[What you are asked to do]: Below are the records; repeat exactly their lines between the line holding "Absorbeur arrière gauche" and the line holding "Capa do artigo Ce N", inclusive, skipping the pictures.

[Given records]:
◇ ◇ ◇
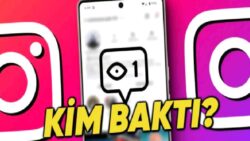 Instagram Profilime Kim Baktı Öğrenmenin Yolu Var mı? Profilime Kim Baktı Uygulamaları Ne Kadar Zararlı?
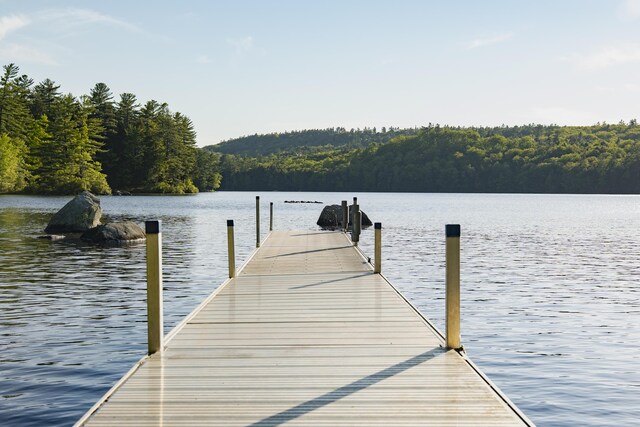 548 Allen Pond Rd, Greene, ME 04236 - photo 15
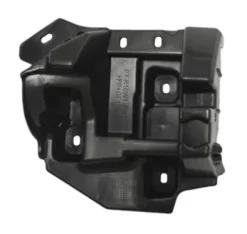Absorbeur arrière gauche pour RENAULT SCENIC IV phase 1 depuis 2016, renfort pare chocs arrière, Neuf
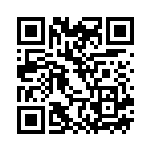 Cihaz QR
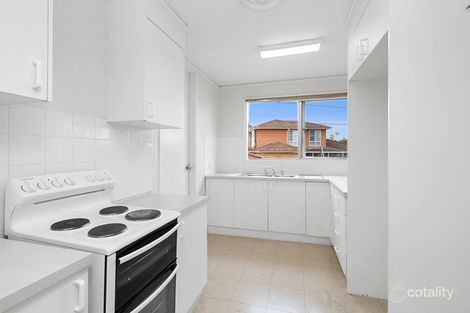 Property photo of 16 Ayers Place Curtin ACT 2605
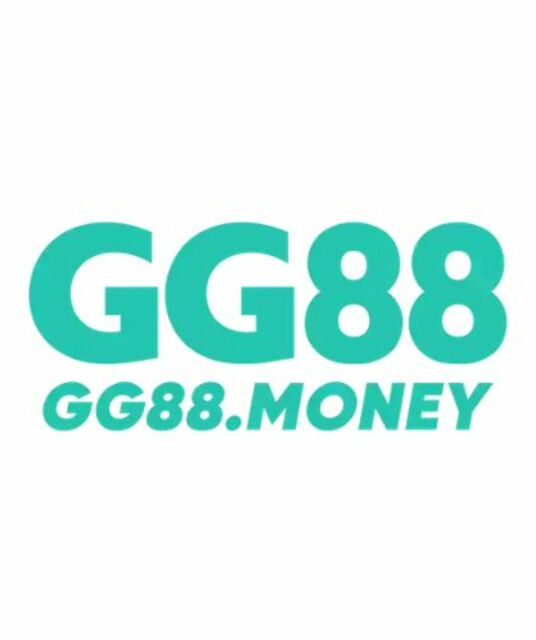 avatar Gg88 money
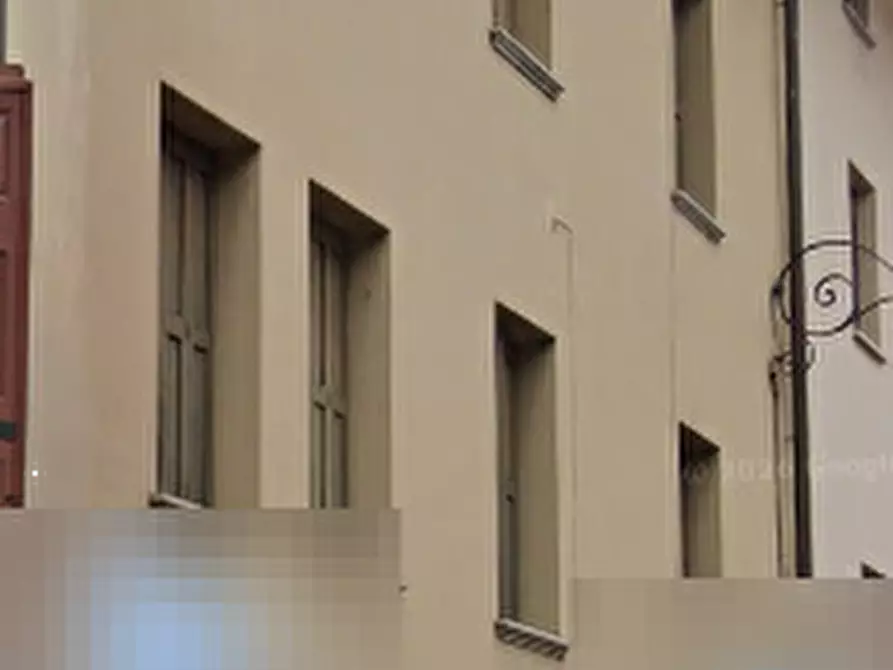 Immagine 12 di Porzione di casa in vendita  in Via Cesare Battisti a Feltre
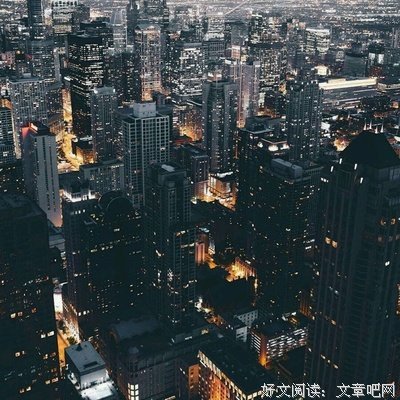 有关网易云热评-——故西来们没这她墙的句子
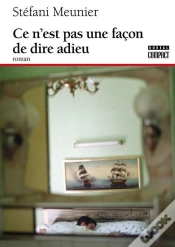 Capa do artigo Ce N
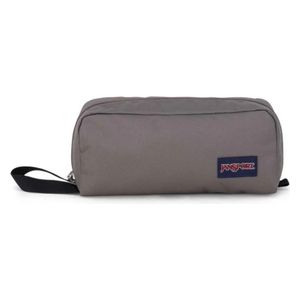 Jansport Perfect Pouch  - Graphite Grey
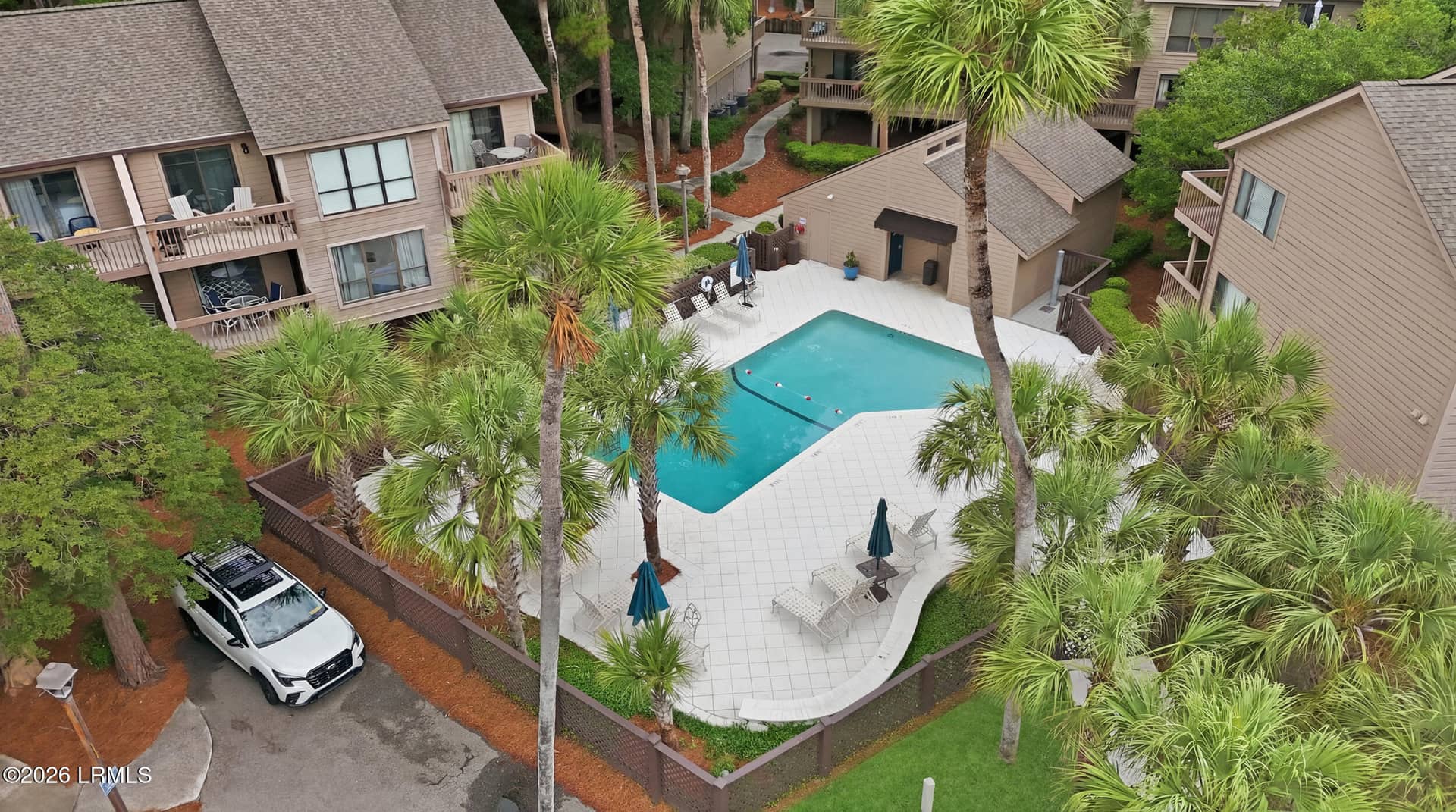 10 Dune House Lane 21, Hilton Head Island, SC 29928 — photo 36 of 44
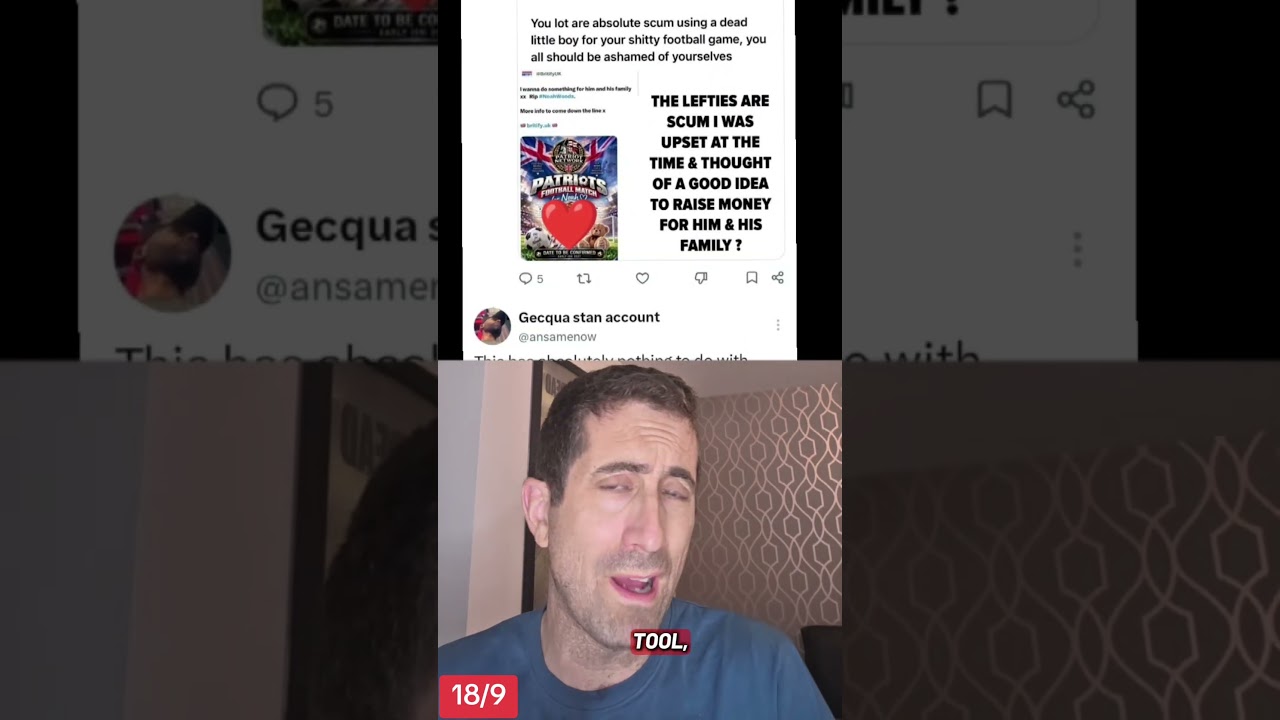 Полицейское расследование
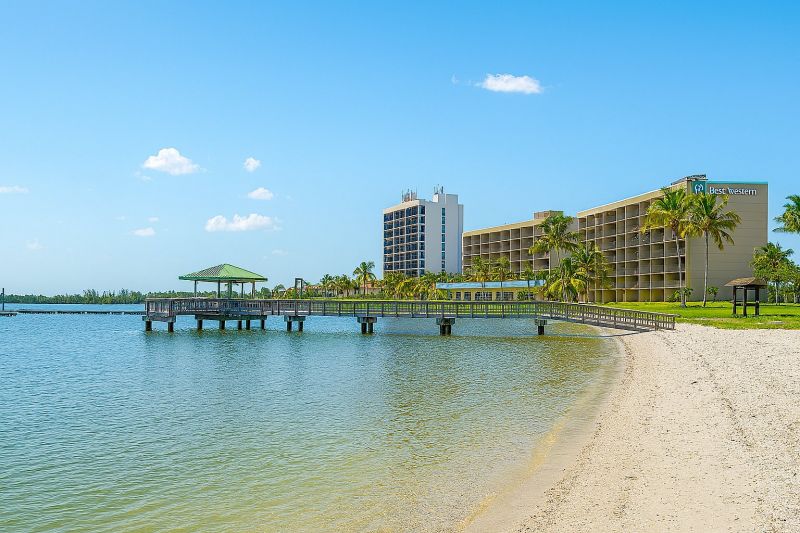 Best Shower Installation pros in North Fort Myers, FL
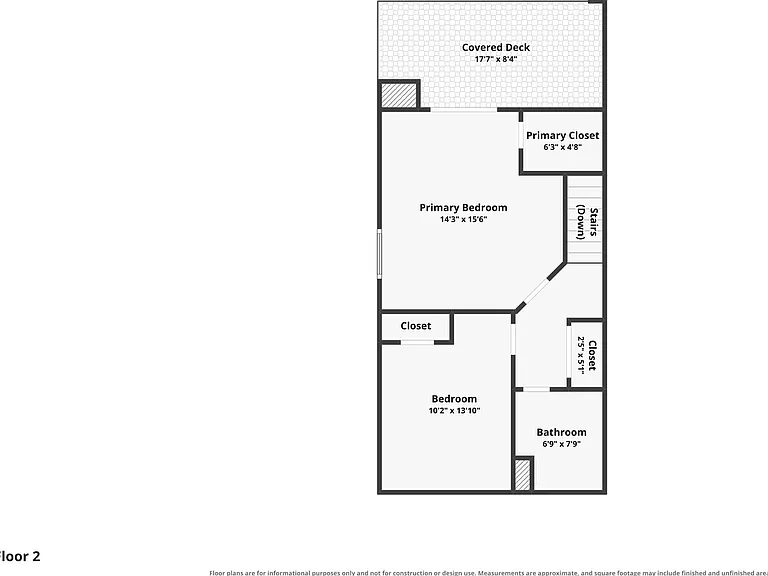 5534 Bonita Village Rd — Photo 33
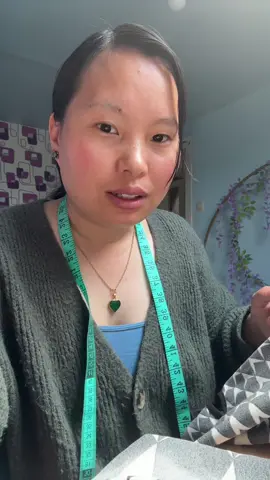 A post by @quest_erwin on TikTok caption: Mero Monday ko kaam 🤓❤️#draftvideo #strong_indraa #antwerpen #belgium #nepali #europe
◇ ◇ ◇
[Result for this task]:
Absorbeur arrière gauche pour RENAULT SCENIC IV phase 1 depuis 2016, renfort pare chocs arrière, Neuf
 Cihaz QR
 Property photo of 16 Ayers Place Curtin ACT 2605
 avatar Gg88 money
 Immagine 12 di Porzione di casa in vendita  in Via Cesare Battisti a Feltre
 有关网易云热评-——故西来们没这她墙的句子
 Capa do artigo Ce N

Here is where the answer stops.